▶ [Exercise]: Give a verbatim repeat of the lines that run from the line containing "Circular Simplicity aquarelle" to the end of the data below.
Exercise inputs Block Start
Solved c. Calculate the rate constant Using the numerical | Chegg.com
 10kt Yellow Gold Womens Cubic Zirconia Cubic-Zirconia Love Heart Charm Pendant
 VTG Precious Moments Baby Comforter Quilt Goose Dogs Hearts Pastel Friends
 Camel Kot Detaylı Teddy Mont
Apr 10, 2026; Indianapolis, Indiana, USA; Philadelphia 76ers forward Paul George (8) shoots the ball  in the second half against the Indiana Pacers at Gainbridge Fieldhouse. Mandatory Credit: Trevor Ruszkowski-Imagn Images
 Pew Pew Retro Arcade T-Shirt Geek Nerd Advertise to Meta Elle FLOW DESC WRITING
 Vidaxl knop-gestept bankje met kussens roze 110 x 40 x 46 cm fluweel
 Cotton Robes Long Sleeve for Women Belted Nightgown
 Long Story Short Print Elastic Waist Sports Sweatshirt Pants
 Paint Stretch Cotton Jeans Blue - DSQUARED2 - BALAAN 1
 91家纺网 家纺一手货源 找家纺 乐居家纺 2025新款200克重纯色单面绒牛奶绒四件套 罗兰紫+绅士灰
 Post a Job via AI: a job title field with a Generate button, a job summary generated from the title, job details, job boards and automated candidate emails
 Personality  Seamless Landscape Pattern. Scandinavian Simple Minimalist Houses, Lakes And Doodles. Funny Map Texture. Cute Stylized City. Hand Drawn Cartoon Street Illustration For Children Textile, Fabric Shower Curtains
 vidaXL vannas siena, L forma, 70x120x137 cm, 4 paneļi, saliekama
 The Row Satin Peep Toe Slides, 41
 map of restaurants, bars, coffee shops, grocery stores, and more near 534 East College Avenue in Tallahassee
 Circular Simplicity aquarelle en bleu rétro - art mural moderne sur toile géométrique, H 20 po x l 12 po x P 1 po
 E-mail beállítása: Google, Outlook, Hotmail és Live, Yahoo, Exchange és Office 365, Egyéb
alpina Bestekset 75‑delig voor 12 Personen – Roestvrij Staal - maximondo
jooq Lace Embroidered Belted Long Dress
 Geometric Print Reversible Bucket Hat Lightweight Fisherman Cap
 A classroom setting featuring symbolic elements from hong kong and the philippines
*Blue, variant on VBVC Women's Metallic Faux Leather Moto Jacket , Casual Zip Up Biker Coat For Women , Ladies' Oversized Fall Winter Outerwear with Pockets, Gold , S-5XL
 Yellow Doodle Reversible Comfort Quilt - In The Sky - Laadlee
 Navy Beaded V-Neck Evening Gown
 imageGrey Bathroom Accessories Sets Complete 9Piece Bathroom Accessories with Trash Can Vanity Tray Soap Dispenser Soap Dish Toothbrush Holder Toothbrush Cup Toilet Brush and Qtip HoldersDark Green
Exercise inputs Block End
▶ [Result for this exercise]:
 Circular Simplicity aquarelle en bleu rétro - art mural moderne sur toile géométrique, H 20 po x l 12 po x P 1 po
 E-mail beállítása: Google, Outlook, Hotmail és Live, Yahoo, Exchange és Office 365, Egyéb
alpina Bestekset 75‑delig voor 12 Personen – Roestvrij Staal - maximondo
jooq Lace Embroidered Belted Long Dress
 Geometric Print Reversible Bucket Hat Lightweight Fisherman Cap
 A classroom setting featuring symbolic elements from hong kong and the philippines
*Blue, variant on VBVC Women's Metallic Faux Leather Moto Jacket , Casual Zip Up Biker Coat For Women , Ladies' Oversized Fall Winter Outerwear with Pockets, Gold , S-5XL
 Yellow Doodle Reversible Comfort Quilt - In The Sky - Laadlee
 Navy Beaded V-Neck Evening Gown
 imageGrey Bathroom Accessories Sets Complete 9Piece Bathroom Accessories with Trash Can Vanity Tray Soap Dispenser Soap Dish Toothbrush Holder Toothbrush Cup Toilet Brush and Qtip HoldersDark Green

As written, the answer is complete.